This is not my journey

I spent some of my Christmas break thinking about work styles: what worked last year, what didn’t, and what I could do to improve my own.  I’ve got it down to just two things: “this is not my journey” and “do what the boss asks for”.

People often talk of their jobs (and themselves) as something that they do now, as in at one particular point in time. That’s a little like saying “I’m in seat 29C” instead of “I’m flying from New York to Japan and when I get there I’m going to try out the heated toilet seats” when someone asks you where you are.  We are all on journeys – sometimes literally, but always on journeys through time, careers, relationships.  And if you want to think about your career, a journey is a useful idea.

So last year I got really frustrated because I ended up doing lots of things that needed to be done, leaving little time for the things I loved (and am good at). And at the same time, I watched people around me refusing to do those things, but doing so much better in their careers and the respect they gained for what they did. “This is not my journey” came out of that.  The big thing that I realised was that the people who were doing well were playing by big-company rules, and I was still working as though I was in a startup or community organisation.

Startups are different. Over the years I’ve started companies, helped start companies and communities, been in small companies that grew, worked in government agencies and 90,000-strong multinationals.  And I’ve noticed two transition points: around 5 and 120 people.  With 5 people, you’re completely flat, and to be honest, also flat-out: everyone does what needs to be done without “but I don’t do that”, and although you may have “roles”, you’re generally just working as a team.  That’s often the founding team: once they start hiring, the concept of staff happens, and it takes leadership not to divide into ‘founders’ and ‘others’.  Communities tend to run this way too, with everyone pitching in and helping where they can. Up to about 120 people, companies are “small”, with everyone knowing each other and helping each other out where they can.  But at about 120 people, divisions start: you can remember the names of about 100-120 people, but beyond that new people become faces unless they’re directly working with you.  At this point, people have defined job roles and a limited group of connections in the organisation, and there are just too many things that need to be done to be able to do them informally any more. And at this point (or sooner), big company rules start to apply.  And can be basically summarised as “do what the boss asks for” and “do what’s on your journey”.

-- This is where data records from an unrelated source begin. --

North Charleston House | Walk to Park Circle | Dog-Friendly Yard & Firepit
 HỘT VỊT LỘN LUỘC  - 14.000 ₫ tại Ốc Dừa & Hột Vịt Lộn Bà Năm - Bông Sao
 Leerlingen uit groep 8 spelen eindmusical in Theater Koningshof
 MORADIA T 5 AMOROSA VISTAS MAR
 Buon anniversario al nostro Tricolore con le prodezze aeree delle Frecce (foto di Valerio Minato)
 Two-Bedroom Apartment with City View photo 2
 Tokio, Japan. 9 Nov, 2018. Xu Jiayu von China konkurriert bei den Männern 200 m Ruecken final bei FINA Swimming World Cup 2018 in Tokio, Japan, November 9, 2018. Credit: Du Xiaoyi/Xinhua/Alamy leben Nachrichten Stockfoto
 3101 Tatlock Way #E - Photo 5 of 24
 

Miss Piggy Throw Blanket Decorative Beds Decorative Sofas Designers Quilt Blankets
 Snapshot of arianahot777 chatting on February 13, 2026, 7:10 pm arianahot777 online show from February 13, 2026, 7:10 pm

“Do what the boss asks for” is obvious when you have a defined boss – in the small flat organisation (no defined “bosses”) it doesn’t make sense, but it’s absolutely the path to happiness under big-company rules (with negotiation about what’s a fair workload etc of course). It’s a simple sorting question for any new task: “is this what the boss asked for?”.

“Do what’s on your journey” covers what you do with the interstitial time: the times when you’ve done what the boss asked for (or just plain need a short break from it) and are filling-in with small jobs, training courses etc. It’s about doing the things that grow you as a person, in the directions that you want to grow and become stronger, but to do this you do need a journey: a knowledge of who you are, what you want to be, what you want to be able to do and be known for.  I spent part of Christmas working on that too. My journey is the same as it was 3, 5, 10 years ago, but now I have a clear description (thank you, social-worker sister-in-laws and “Business Model You”) of where I’m going.  My sorting question for this isn’t “do what’s on your journey” because that’s a terrible way to test anything; instead it’s “this is not my journey” – if I can say that about a non-boss task, then it’s now not on my list.

It’s already a much saner year. Apart from the odd boss-overload, my filters have kept my work down to both manageable and relevant to my career. I seem to have a bit more respect for this: when I mentioned the plan to a Wall Street friend, she said “oh, you’re playing by the blokes’ rules” and explained that nobody respects the person who picks up odd jobs, so perhaps that shouldn’t be too much of a surprise.  What has been a surprise is that in remote organisations, the switch from small to big-company rules happens at a much much smaller number of people (around 20, sometimes as low as 12), although again the larger distances, timezones and smaller bandwidths (as in you’re not seeing people across the office floor, and it’s hard to have watercooler conversations with everyone) should make that somewhat less surprising.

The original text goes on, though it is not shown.